Highest point
- Elevation: 2,180 ft (660 m)
- Coordinates: 40°32′30″N 78°12′30″W﻿ / ﻿40.54167°N 78.20833°W

Geography
- Location: Blair County, Pennsylvania and Huntingdon County, Pennsylvania, U.S.
- Parent range: Appalachian Mountains
- Topo map(s): USGS Spruce Creek (PA) Quadrangle, Frankstown (PA) Quadrangle

Climbing
- First ascent: unknown

= Canoe Mountain =

Mountain in Pennsylvania, United States

Canoe Mountain is a stratigraphic ridge in central Pennsylvania, United States, running east of the Allegheny Front and west of Tussey Mountain.

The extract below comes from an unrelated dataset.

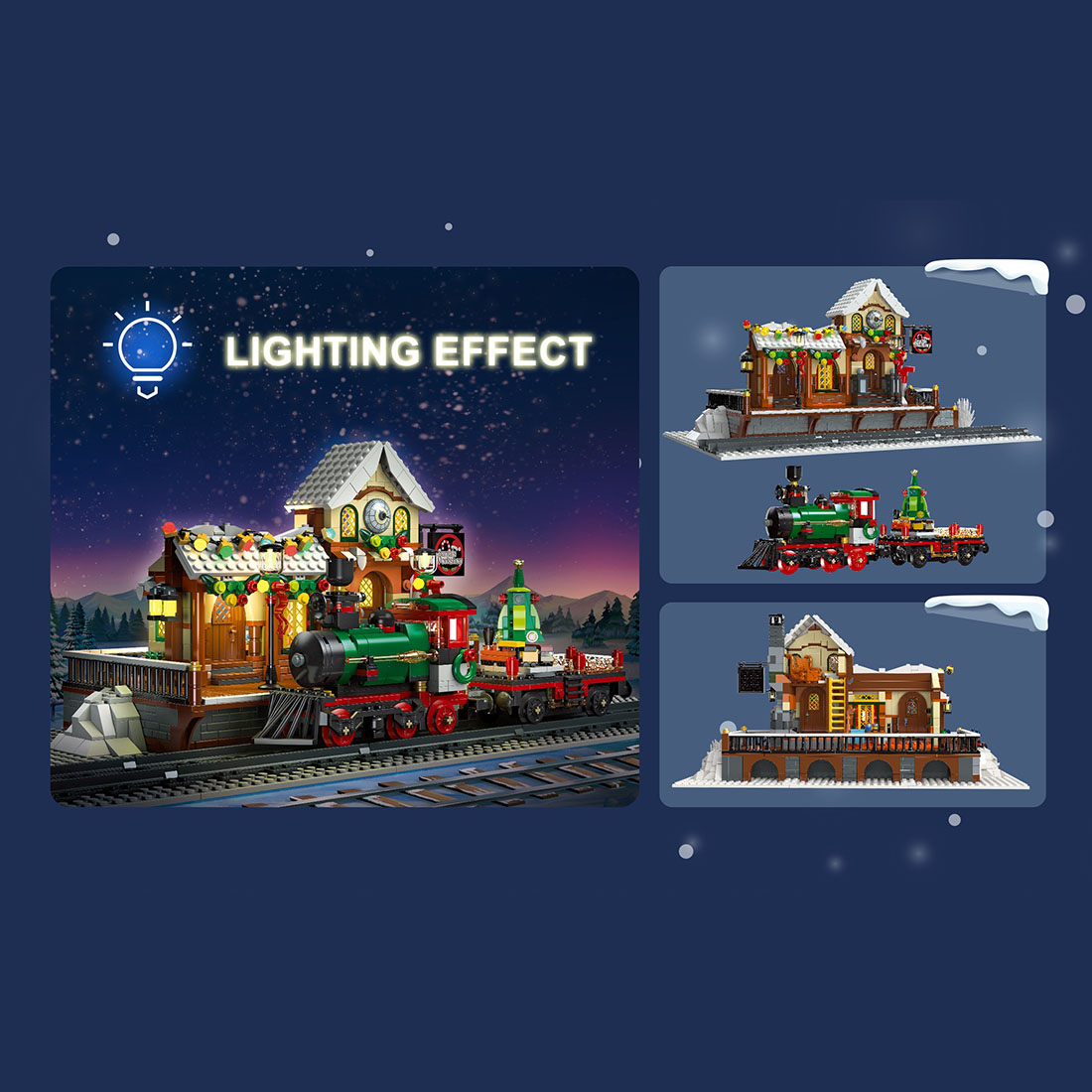 Christmas Winter Railway Station Model with Light Assembly Toy Small Particles Building Blocks Set (1362PCS)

It forms a continuous ridge with Brush Mountain to the west. To the south, across the water gap formed by the Frankstown Branch Juniata River, the ridgeline continues as Lock Mountain.

The northern part of Canoe Mountain forms the border between Blair County and Huntingdon County.

Pennsylvania State Game Lands Number 166 lies on Brush Mountain south of Sinking Hollow and on Canoe Mountain and the valley between.

==Geology==
Canoe Mountain is in the western part of the Ridge and Valley province of the Appalachian Mountains. Tussey Mountain, to the east, is made up of Paleozoic rocks, consisting of Ordovician Bald Eagle Formation (sandstone), Juniata Formation (shale), and Silurian Tuscarora Formation (Quartzite) that were folded during the Appalachian orogeny in the Permian period, then eroded down to their present form.

The Tuscarora Quartzite is more resistant to erosion than the Bald Eagle Sandstone, and both are more resistant than the Juniata formation between them or the other formations stratigraphically above and below them. The two sandstones thus form a double ridge line with the harder Tuscarora at the crest.

Canoe Mountain and the southern spur of Brush Mountain form a syncline.